Friday, November 30, 2018

You can go home again!

Month 5

Shaun and I both grew up in Knoxville, TN, not too far from the Great Smoky Mountains National Park.  We both spent lots of time in the mountains in various capacities over the years, and we were both eager to return and reconnect with a place that that helped spark our love of the outdoors.  The Smokies are the most visited national park in the country thanks to our relatively mild weather that prevents seasonal closures for most areas of the park as well as the absence of an entrance fee (for the record, it should cost, but hey!).  People flock from all over the country and world to admire our layered hills, plentiful wildlife, cool mountain streams, and well built and maintained trails, but the fall foliage is the true showstopper, and crowds can be unbearable at times.  I had little awareness of the crowds as a youngster, but it was ever apparent as we attempted to drive into Cades Cove early one morning to hike and fish around Abrams Creek the last Monday of October.  The gate opens at sunrise, and we arrived about 30 minutes prior to find cars lined up over for over a mile waiting to drive the 11 mile, one-way scenic loop, a popular place to spot black bears and explore the old homesteads of some of Tennessee’s first settlers.  I’m putting it nicely there.  What it really is is a place for tourists from Ohio, Illinois, and Florida to act like they’ve never seen a deer or squirrel and park in the middle of the narrow road, snarling traffic for miles, a place for people riding in lawn chairs (often from Florida, Louisiana, and Mississippi) in the beds of trucks to hop out and gawk at bears from way too close of a vantage until a poorly paid but well educated ranger has to try and explain to them why they should not be doing that and that nature is not a zoo, but I digress.  Despite the many aversions to the crowd, it is home and an undeniable part of my formative years, so I love to hate it, and I have earned that right.

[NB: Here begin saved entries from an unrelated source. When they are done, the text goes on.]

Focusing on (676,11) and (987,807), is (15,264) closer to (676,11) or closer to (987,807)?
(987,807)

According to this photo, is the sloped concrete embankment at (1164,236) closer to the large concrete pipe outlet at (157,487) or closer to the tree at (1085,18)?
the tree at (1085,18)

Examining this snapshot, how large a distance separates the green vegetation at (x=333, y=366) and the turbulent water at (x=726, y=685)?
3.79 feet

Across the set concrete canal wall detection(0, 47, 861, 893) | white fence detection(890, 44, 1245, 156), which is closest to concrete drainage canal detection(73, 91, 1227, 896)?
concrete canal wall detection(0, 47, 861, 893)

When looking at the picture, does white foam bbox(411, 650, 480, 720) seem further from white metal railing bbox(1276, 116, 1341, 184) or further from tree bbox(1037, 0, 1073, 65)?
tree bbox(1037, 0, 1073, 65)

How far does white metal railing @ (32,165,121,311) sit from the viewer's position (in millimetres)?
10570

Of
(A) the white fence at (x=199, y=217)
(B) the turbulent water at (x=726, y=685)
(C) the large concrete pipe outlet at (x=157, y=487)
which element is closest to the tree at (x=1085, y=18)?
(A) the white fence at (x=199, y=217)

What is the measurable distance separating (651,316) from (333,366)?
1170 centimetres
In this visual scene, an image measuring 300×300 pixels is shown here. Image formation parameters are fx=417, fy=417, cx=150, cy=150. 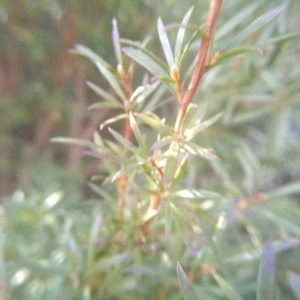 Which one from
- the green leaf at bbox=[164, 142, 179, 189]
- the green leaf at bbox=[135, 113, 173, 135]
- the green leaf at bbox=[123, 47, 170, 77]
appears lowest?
the green leaf at bbox=[164, 142, 179, 189]

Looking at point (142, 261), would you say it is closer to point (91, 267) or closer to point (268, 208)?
point (91, 267)

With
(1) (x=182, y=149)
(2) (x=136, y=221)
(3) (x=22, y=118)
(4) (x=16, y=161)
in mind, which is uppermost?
(1) (x=182, y=149)

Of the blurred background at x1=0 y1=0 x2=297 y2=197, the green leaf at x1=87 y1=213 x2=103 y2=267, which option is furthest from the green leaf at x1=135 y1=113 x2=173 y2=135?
the blurred background at x1=0 y1=0 x2=297 y2=197

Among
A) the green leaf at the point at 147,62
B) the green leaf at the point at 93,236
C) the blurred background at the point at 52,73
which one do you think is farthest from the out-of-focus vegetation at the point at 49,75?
the green leaf at the point at 147,62

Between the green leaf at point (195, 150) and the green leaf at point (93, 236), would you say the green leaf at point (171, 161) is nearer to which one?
the green leaf at point (195, 150)

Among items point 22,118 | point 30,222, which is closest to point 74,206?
point 30,222

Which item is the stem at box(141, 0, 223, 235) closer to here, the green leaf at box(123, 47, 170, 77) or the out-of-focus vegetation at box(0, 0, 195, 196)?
the green leaf at box(123, 47, 170, 77)

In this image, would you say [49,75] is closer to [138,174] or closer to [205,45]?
[138,174]

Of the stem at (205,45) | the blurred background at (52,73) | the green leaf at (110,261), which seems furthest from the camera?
the blurred background at (52,73) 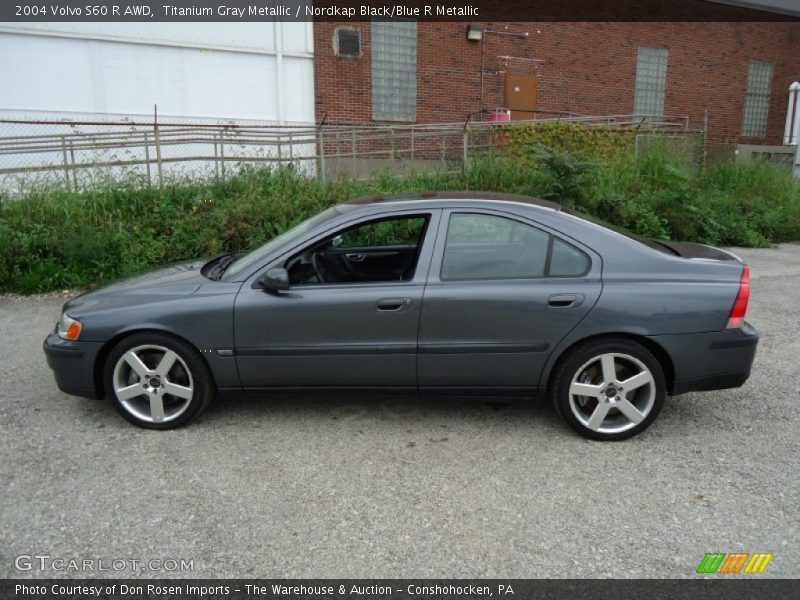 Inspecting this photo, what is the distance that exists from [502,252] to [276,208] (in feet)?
18.9

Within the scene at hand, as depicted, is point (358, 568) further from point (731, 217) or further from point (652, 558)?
point (731, 217)

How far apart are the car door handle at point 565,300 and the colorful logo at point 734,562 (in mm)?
1437

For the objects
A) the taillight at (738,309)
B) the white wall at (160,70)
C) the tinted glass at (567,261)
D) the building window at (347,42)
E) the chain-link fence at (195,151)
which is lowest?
the taillight at (738,309)

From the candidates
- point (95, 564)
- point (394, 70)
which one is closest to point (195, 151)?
point (394, 70)

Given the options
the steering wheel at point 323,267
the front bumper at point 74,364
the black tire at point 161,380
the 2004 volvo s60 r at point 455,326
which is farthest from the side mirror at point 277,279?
the front bumper at point 74,364

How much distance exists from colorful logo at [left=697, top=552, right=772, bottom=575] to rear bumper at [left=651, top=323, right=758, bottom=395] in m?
1.15

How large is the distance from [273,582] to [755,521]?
2234mm

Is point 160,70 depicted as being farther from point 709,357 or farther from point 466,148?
point 709,357

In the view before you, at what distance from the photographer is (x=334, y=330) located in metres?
3.74

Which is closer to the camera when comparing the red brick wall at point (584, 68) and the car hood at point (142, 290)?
the car hood at point (142, 290)

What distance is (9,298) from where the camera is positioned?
24.4 feet

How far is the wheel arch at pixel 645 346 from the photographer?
3.67 metres

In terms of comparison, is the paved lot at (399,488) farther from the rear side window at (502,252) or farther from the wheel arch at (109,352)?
the rear side window at (502,252)

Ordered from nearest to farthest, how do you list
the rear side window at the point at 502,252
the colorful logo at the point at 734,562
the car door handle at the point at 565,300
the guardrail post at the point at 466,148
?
the colorful logo at the point at 734,562 → the car door handle at the point at 565,300 → the rear side window at the point at 502,252 → the guardrail post at the point at 466,148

The trip through Cades Cove can take as many as four hours and given our objective to hike in and complete the Horseshoe (a combination of river wading, bushwhacking, and hiking), combined with dwindling daylight hours, we elected to forego our adventure and opted for hiking and fishing along the Little River out of Elkmont.  Because we arrived so early to the park, we had plenty of time to regroup and still have the trail you ourselves, unless you count the three deer who ventured down to the stream for a drink and then awkwardly crossed to the other side, continuing up into the hills.  I am so accustomed to seeing deer as graceful, nimble creatures, so it was quite amusing to see them fumbling, clumsily, among the slick limestone and boulders.  It was a chilly morning, in the low 30’s, and while I can’t confirm what the water temperature was, it was surely below that magic 50-52 degrees where fish are actively feeding.  As the morning wore on, and the sun warmed the air and the water, we had high hopes for more active fish but to no avail, so we abandoned our technique and fished dries anyway, if not for the unlikely success of luring a hungry trout from the cool river depths, for the soothing rhythm of the cast and the water swirling around our legs. 
After taking a break for lunch, we hit a couple of other spots on our way back toward Townsend and found a few fish willing to take our flies, nothing of considerable size but at the least, validation that our assessment of fly, depth, and technique (nymphing as opposed to dries) was correct, and sometimes that’s really all I’m looking for from fishing- being right, HA!
Fishing the Little River
A wonderfully secluded spot
The scenery made up for the poor fishing
With warmer weather predicted the following day, we again rose somewhat early and tried our luck near an area known as the Sinks.  We nabbed a few tiny fish and even more leaves moving through the water, a tell tale of cooler and wetter days, but the scenery and total solitude in the busiest national park of all was well worth the time invested.  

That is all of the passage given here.